Provided entries:
- - -

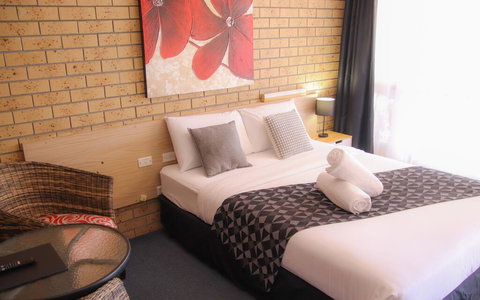 Squatters Homestead Motel - Palm Beach Accommodation 1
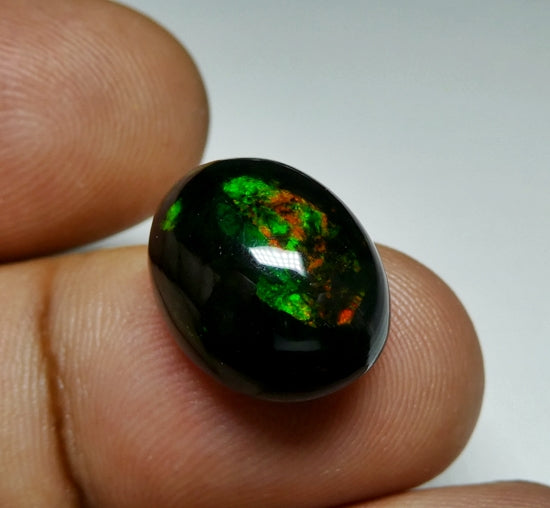 6.12CT UNHEATED RAINBOW STUNNER FLASHING 100% NATURAL ROUND BLACK OPAL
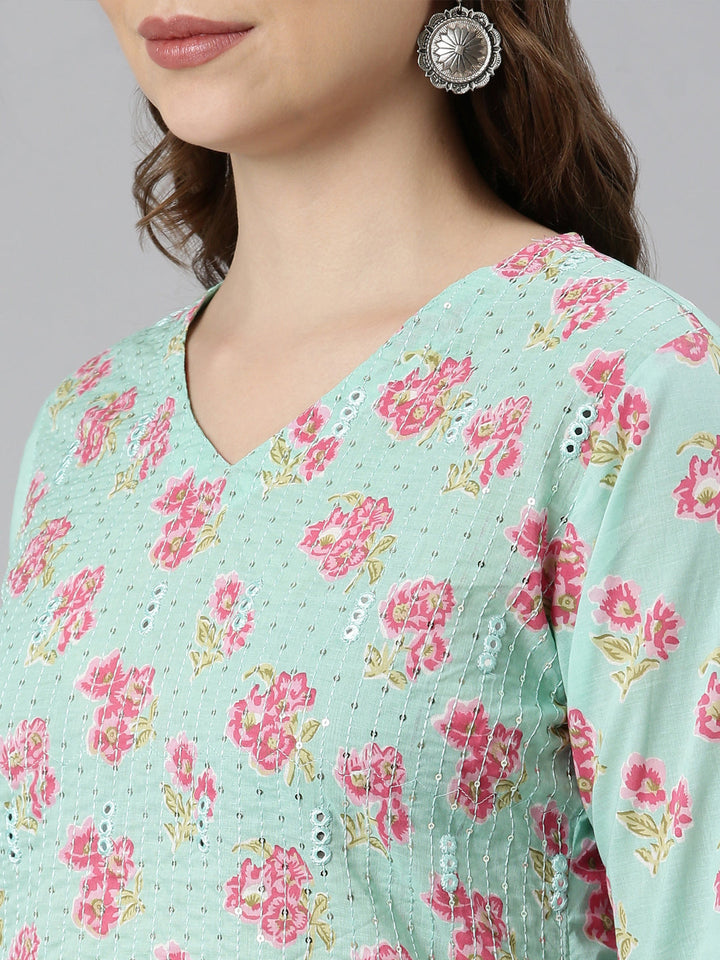 Neerus Green floral printed straight kurti - detail view 2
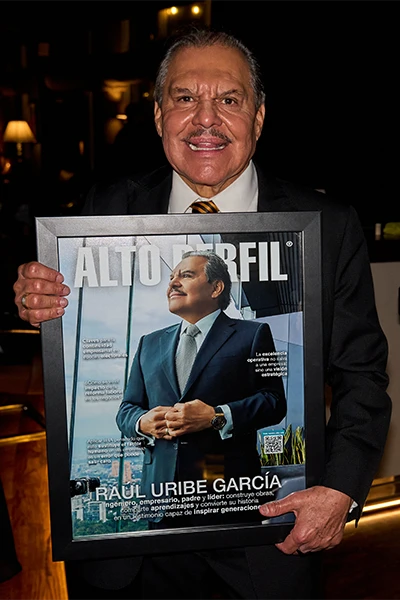 Ingeniero Raúl Uribe sostiene la revelación de portada en homenaje a su trabajo.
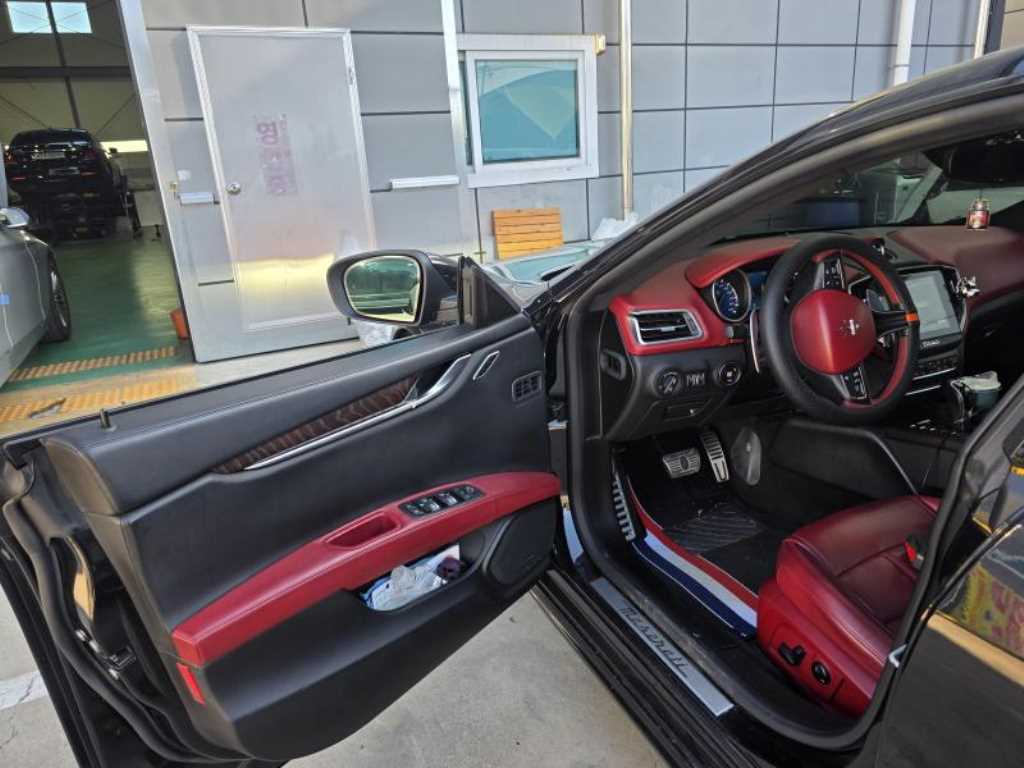 Maserati Ghibli - Vista 9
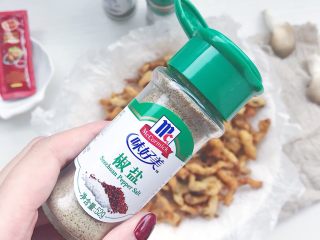 21、油炸蘑菇,撒上适量椒盐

- - -

Your goal: Write out exactly the lines from the line holding "Ingeniero Raúl Uribe" through the last line of the records above, inclusive, and nothing more. Leave out the pictures.

Task response:
 Ingeniero Raúl Uribe sostiene la revelación de portada en homenaje a su trabajo.
 Maserati Ghibli - Vista 9
 21、油炸蘑菇,撒上适量椒盐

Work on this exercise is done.